Improving your child’s mental health outcomes

One of our counsellors found this article from 2011.  After 10 years it resonates even more today than then.

And it's certainly borne out by the children and young people who access counselling with us today.  Even a large number of the young adults who attend counselling have been impacted by their upbringing.

It's not just adverse childhood experiences

We hear a lot in the media about those children who have been brought up in dysfunctional families, or have been starved or love, or sadly abused.  It's no wonder we think that these children grow up to be adults with mental health problems.

But what if striving to be a perfect parent is causing our children problems too?  As the article describes, the therapist at first saw young people who had grown up in difficult circumstances.  Then she started to see young people who had a  brilliant childhood.  Parents who were their best friend, lots of money, great siblings.  She was stumped and started to research this to find out why.

What were the issues?

The therapist, Lori Gottlieb, saw more young adults who were experiencing anxiety and depression and a feeling of emptiness.  They had difficulties in their career and in relationships and felt empty and without a sense of purpose.

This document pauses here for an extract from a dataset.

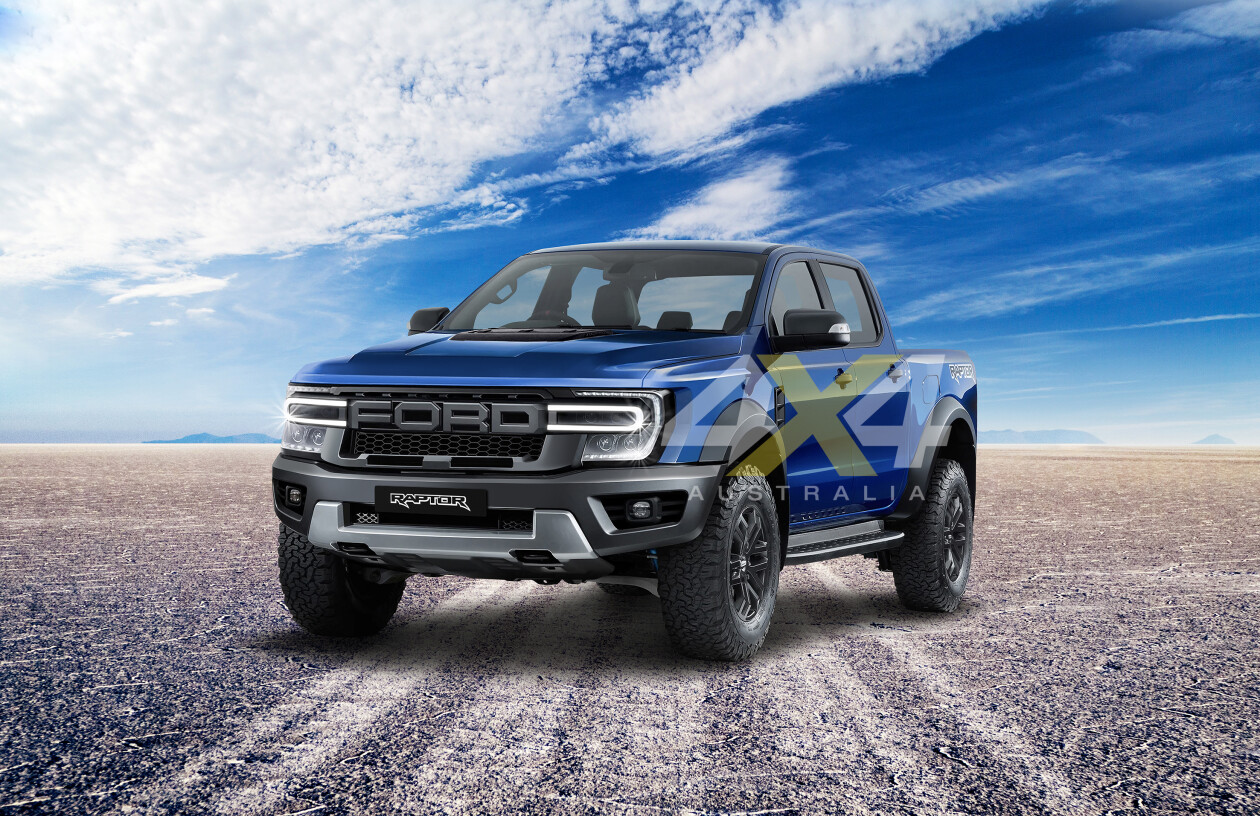 Ford Ranger Raptor 2022 Uk Changes Redesign Specs Pictures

What were their parents doing?

The parents wanted to make sure that their child had everything in life that they had missed out on growing up.  One of the big things was removing that sense of failure when they did not achieve everything they thought they should.

Struggling at maths ? Lets get a tutor.  Bully at school? Parents intervene.  Broken the rules?  Talk about consequences and no punishment or boundaries.

Is it possible for a parent to do too much?

Parents only want their children to be happy - what's so wrong with that?

As adults is life a breeze?  We all have things that happen to us that make us sad or downright depressed.  How do we learn to deal with the disappointments caused by not getting that job we really wanted, or a relationship break up?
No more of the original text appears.